Shares in shipping company Clarkson (CKN) sank 4.8% to £22.70 after a one-off charge virtually wiped out its profit for 2019. The company also warned that the coronavirus will impact its 2020 performance, adding to the gloomy update.
In its full year results to 31 December, reported pre-tax profit stood at £200,000, down from £42.9m the year before as it reviewed the need for a non-cash impairment relating to its 2015 acquisition of Norwegian shipbroker RS Platou ASA.
The FTSE 250 company said it has determined that a £47.5m impairment charge, relating to goodwill attributable to securities and offshore broking, was required.
However, underlying pre-tax profit - excluding such exceptional items and acquisition costs - rose to £49.3m, up from £45.3m the year before.
Revenue increased to £363m, compared to £337.6m in 2018, while its dividend per share was up 3p to 78p.
VIRUS HITS FREIGHT RATES
While Clarkson said it has an improved forward order book from 2019, it warned the coronavirus is likely to impact first half performance this year, with the outbreak in Asia in particular causing a big drop in short-term freight rates.
Global seaborne trade, which is closely linked to economic developments in Asia, is likely to take a big hit this year with the virus combined with fragile geopolitics impacting demand.

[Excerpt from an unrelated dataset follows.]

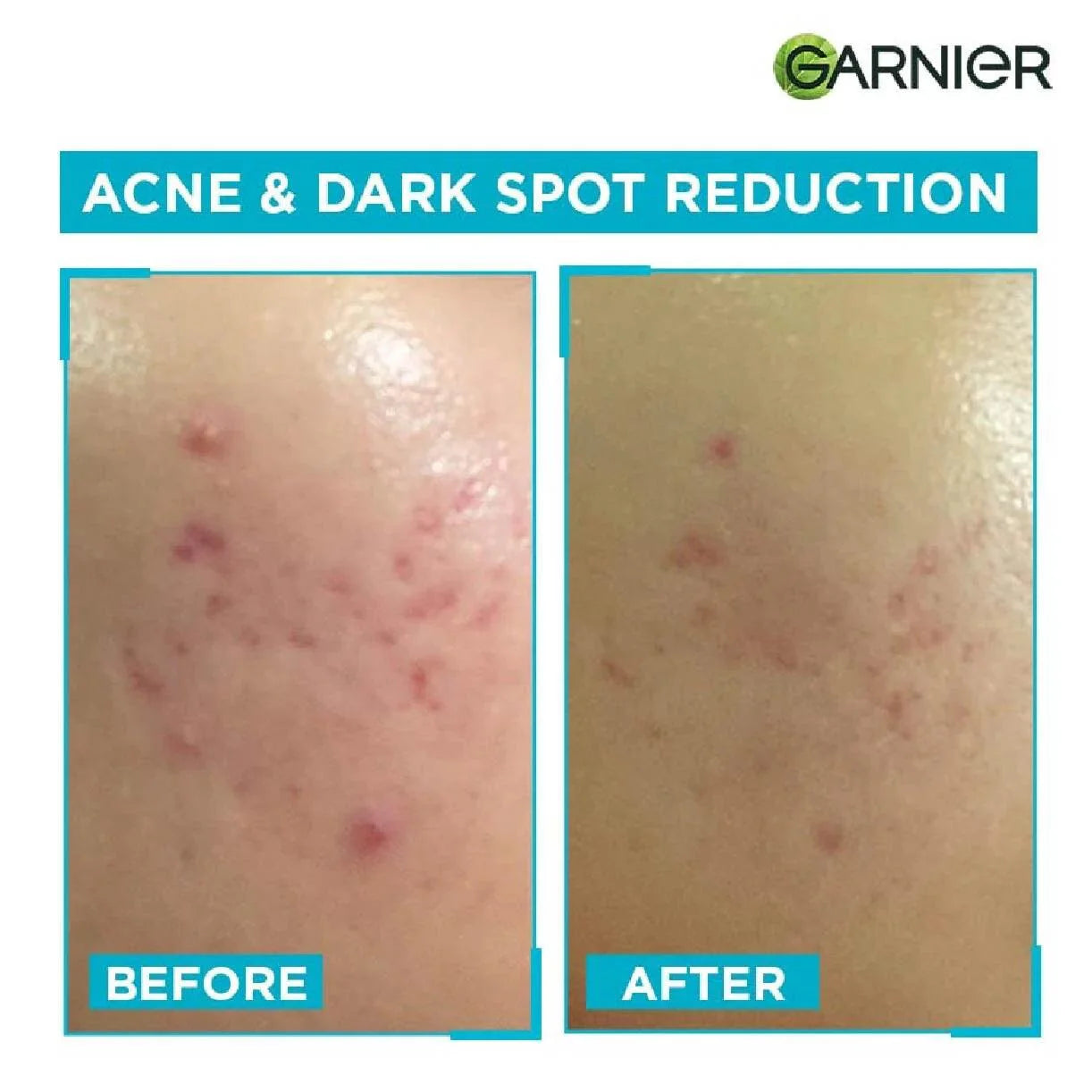 Garnier Anti-Acne Serum (30ml) Glamour Glow 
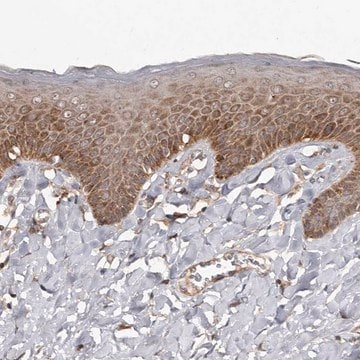 Anti-WEE2 antibody produced in rabbit Prestige Antibodies&#174; Powered by Atlas Antibodies, affinity isolated antibody, buffered aqueous glycerol solution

Chief executive Andi Case said, ‘We started 2020 with a stronger forward order book than in 2019, however, the emergence of the COVID-19 virus will impact our first half performance.
‘In the medium term, the environmental regulatory drivers and supply demand dynamics in the shipping industry are favourable and we remain confident in the prospects of the group.’
Shore Capital analysts Peter Ashworth said Clarkson’s ‘leading position across its markets’, as well as its geographic footprint, make the group ‘resilient’.
He highlighted the firm’s net cash position, with net cash and available funds rising to £84.7m at the end of 2019, compared to £73.4m the previous year.